The IATA has condemned the moves by Hermes, which will increase airport taxes by a massive 70 per cent this year. In a statement on the subject at the beginning of April, IATA said: “Each passenger will have to pay an additional CYP7 ($16.4) . Passengers are price-sensitive and the new charges will push Cyprus well up the expensive airports league in the region, making it less attractive to travellers. At a time when airlines have managed to reduce costs and improve efficiency, Hermes Airports is going in the other direction.”
Airport charges increased by 47 per cent on April 1 and further increases in July and November will push the total increase to 70 per cent by the end of the year.
“This is unacceptable”, said IATA. “Airlines and their passengers should be paying for the services they use and should not be billed for future infrastructure projects. No other industry pre-charges in this way. Nor should airports.
“This is yet another example of a monopoly service provider doing what it pleases. We have seen this behaviour elsewhere in Europe and have been forced to take legal action against airports and governments in France and the Netherlands over unjustified increases in charges. This is also why the European Commission has heeded our call for economic regulation of airports and is currently drafting a directive to put a stop to these practices. Hermes and the Government must think again before killing the goose that lays the golden eggs.”
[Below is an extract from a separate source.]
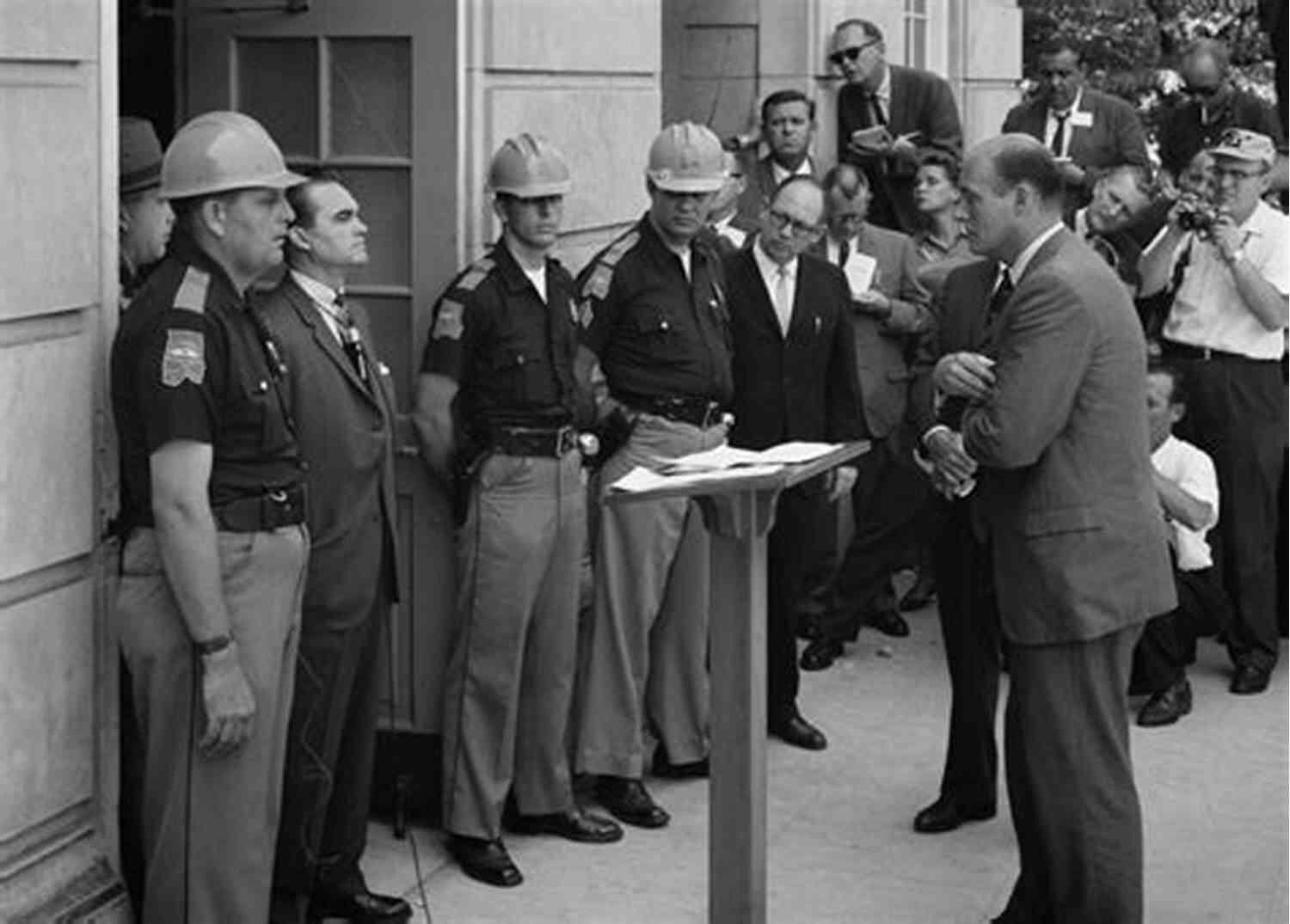 George Wallace Blocking The Entrance To The University Of Alabama Firing Point George Wallace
The views are echoed by the The International Air Carrier Association (IACA), which has stepped up a campaign to raise awareness of the impact of the hikes on an island which has always listed tourism as a major revenue earner. Following a benchmarking exercise, IACA found that the new Cypriot charges would be “at least 100 per cent more expensive compared to other Mediterranean leisure-based airports”. As a result, the island is in danger of pricing itself out of the market and inflicting long-term damage to the country's tourism industry.
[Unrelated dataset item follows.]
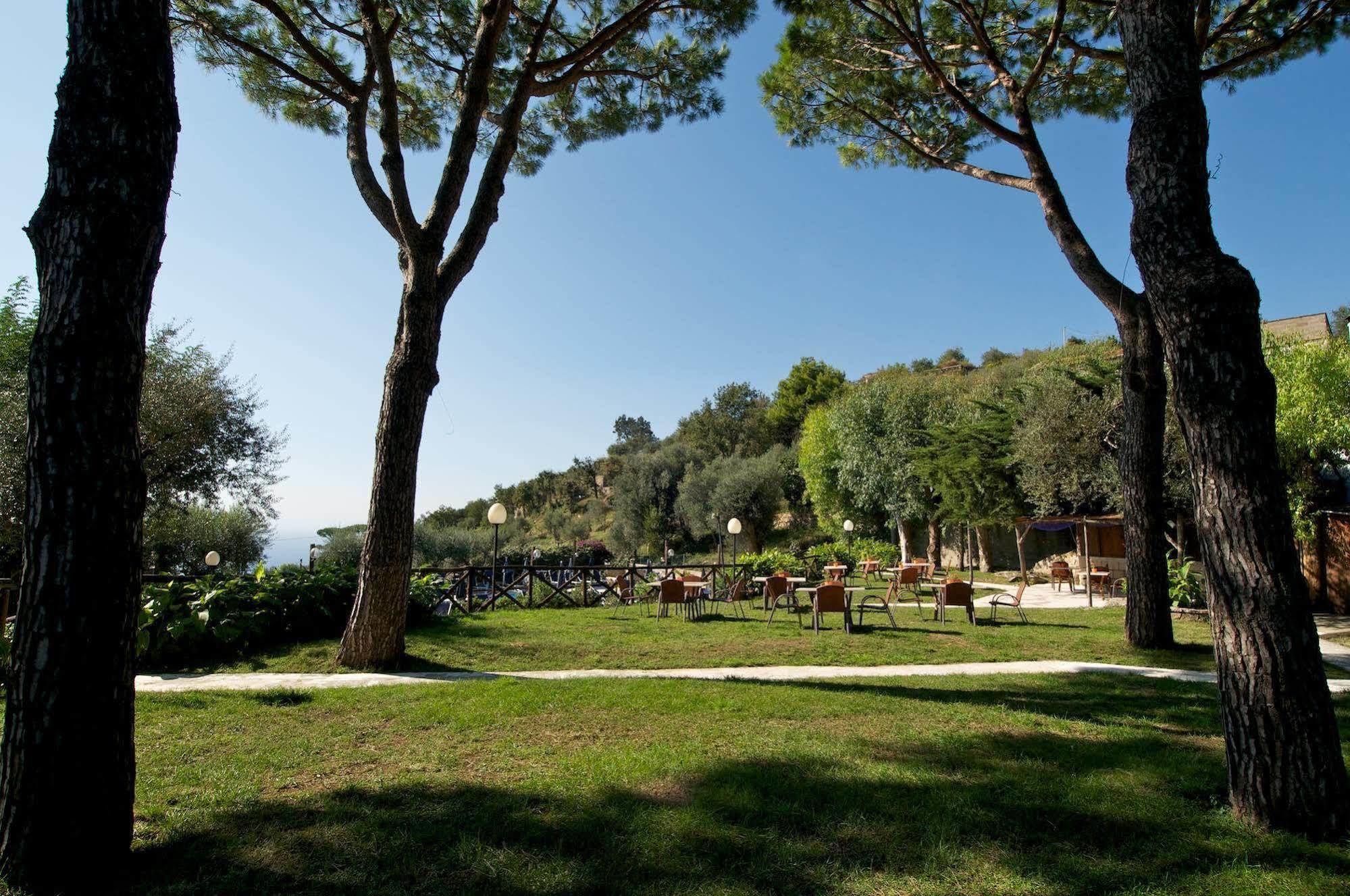 Freedom Holiday Residence Massa Lubrense Buitenkant foto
An IACA statement said: “Airport charges must reflect the quality and level of services provided at airports. While IACA airlines fully support initiatives to develop airport infrastructure, it is clear that airlines cannot be used to pre-finance such projects.”
Sylviane Lust, IACA director general, added: “These charges and fees fly in the face of the standards set by the aviation industry on charges…”
Hermes, which took over the management of Larnaca and Phaphos airports in May 2006, said the increases are legal and justified and form part of the agreement it signed with the government of the Republic in 2005. It also points to lower-than-expected growth in 2006 and 2007. The government’s statistical services said arrivals for January and February 2007 were down 4.6 per cent compared to last year, with decreases in arrivals from the UK and France but increases from Germany and Greece. Furthermore, Hermes say airport fees in Cyprus were originally ‘much too low’.
The increases being passed on to passengers are as a result of a series of new charges being imposed by Hermes for handling, security, fuel throughput and fire services. The government, which no longer contributes to the costs of the airports, will also have a concession fee allowing it to take 33 per cent of revenues earned from the airlines without any financial risk or any commitment to re-invest it back into airport infrastructure.